Focolaio sulla Hondius, tre morti in crociera

Nave bloccata al largo di Capo Verde, Oms indaga sull’hantavirus

focolaio sulla hondius tre morti in crociera

Tre passeggeri sono morti dopo un sospetto focolaio di hantavirus sulla MV Hondius. Una persona è risultata positiva, un britannico è in terapia intensiva e due membri dell’equipaggio restano gravi

La crociera della MV Hondius, nave della compagnia olandese Oceanwide Expeditions, si è trasformata in un’emergenza sanitaria internazionale. L’Organizzazione mondiale della sanità ha confermato tre decessi e almeno un caso di hantavirus accertato in laboratorio, mentre la nave resta al largo di Capo Verde in attesa delle procedure di evacuazione e rimpatrio.

Tre vittime e casi gravi a bordo

Tra le persone decedute ci sono due cittadini olandesi, una coppia di 70 e 69 anni. Secondo le informazioni diffuse dalle autorità, uno dei due è risultato positivo al virus. Un cittadino britannico di 69 anni è ricoverato in terapia intensiva a Johannesburg, mentre due membri dell’equipaggio, ancora sulla nave, sono in gravi condizioni e dovrebbero essere rimpatriati dai Paesi Bassi.

Il nodo dell’origine del contagio

L’ipotesi al momento ritenuta più probabile è che il contagio sia avvenuto prima dell’imbarco. L’hantavirus, trasmesso soprattutto attraverso urine, feci o saliva di roditori infetti, può avere un periodo di incubazione lungo. Per questo gli esperti considerano meno probabile che l’intero focolaio sia nato durante la navigazione.

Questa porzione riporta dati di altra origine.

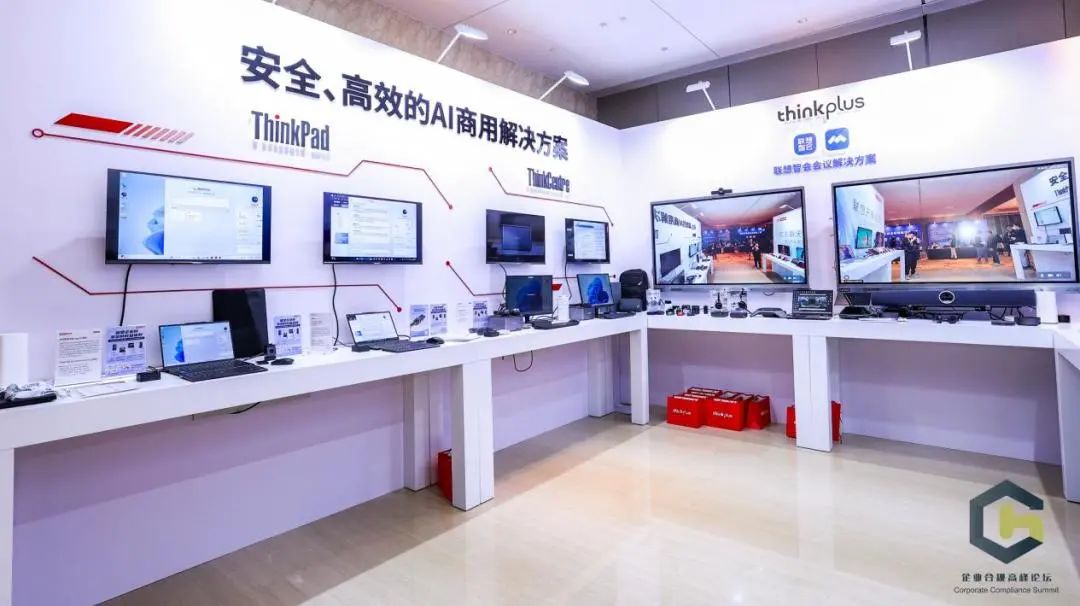 操作示意图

La nave e l’indagine sanitaria

La Hondius era partita da Ushuaia, in Argentina, dopo un itinerario tra Antartide e Falkland, ed era diretta verso Capo Verde e le Canarie. L’Oms sta coordinando le verifiche con le autorità nazionali, mentre sono in corso analisi di laboratorio e sequenziamento del virus per ricostruire origine e catena dei contagi.

Il rischio su una nave

L’epidemiologo Michael Baker, citato dalla Bbc, ha definito molto insolito un episodio simile su una nave da crociera e ha sottolineato la necessità di evacuare rapidamente chi presenta sintomi gravi. In mare, infatti, l’accesso alla terapia intensiva e alle cure di supporto può diventare decisivo.